Dynamic Capabilities and Organizational Agility: Risk, Uncertainty and Entrepreneurial Management in the Innovation Economy
California Management Review, Forthcoming
33 Pages Posted: 28 Apr 2016 Last revised: 23 Jul 2016
Date Written: April 7, 2016
“Organizational agility” is often treated as an immutable quality, where it is implied that firms need to be in a constant state of transformation. But such advice ignores that changes and transformations, while often essential, come with a cost, are not always necessary, and may not even be possible. Our approach is to explore agility at a more fundamental level and relate it more specifically to dynamic capabilities. We find it essential to first understand deep uncertainty, which is ubiquitous in the innovation economy. It is very different from risk, which can be managed using traditional tools and approaches.
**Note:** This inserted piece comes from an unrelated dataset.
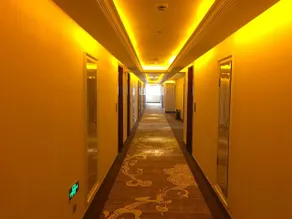 Starway Hotel Zhang Xingli Shi Plaza - Image 4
Strong dynamic capabilities are necessary for fostering the organizational agility necessary to address deep uncertainty, such as that generated by innovation and the associated dynamic competition. We explore the mechanisms by which managers may calibrate the required level of organizational agility, deliver it cost effectively, and relate it to strategy. We provide a set of principles and practices that differ according to whether a firm is managing regular risk or deep uncertainty. These distinctions are critical, as the mistaken use of risk management tools in an environment of deep uncertainty can bring false comfort. Our approach embraces concepts from both financial economics (e.g., hedging and real options) and strategic management theory (e.g., managerial/entrepreneurial asset orchestration). We conclude that strong dynamic capabilities are essential when firms face deep uncertainty, which they frequently do in interdependent economies experiencing rapid technological change and financial disruption.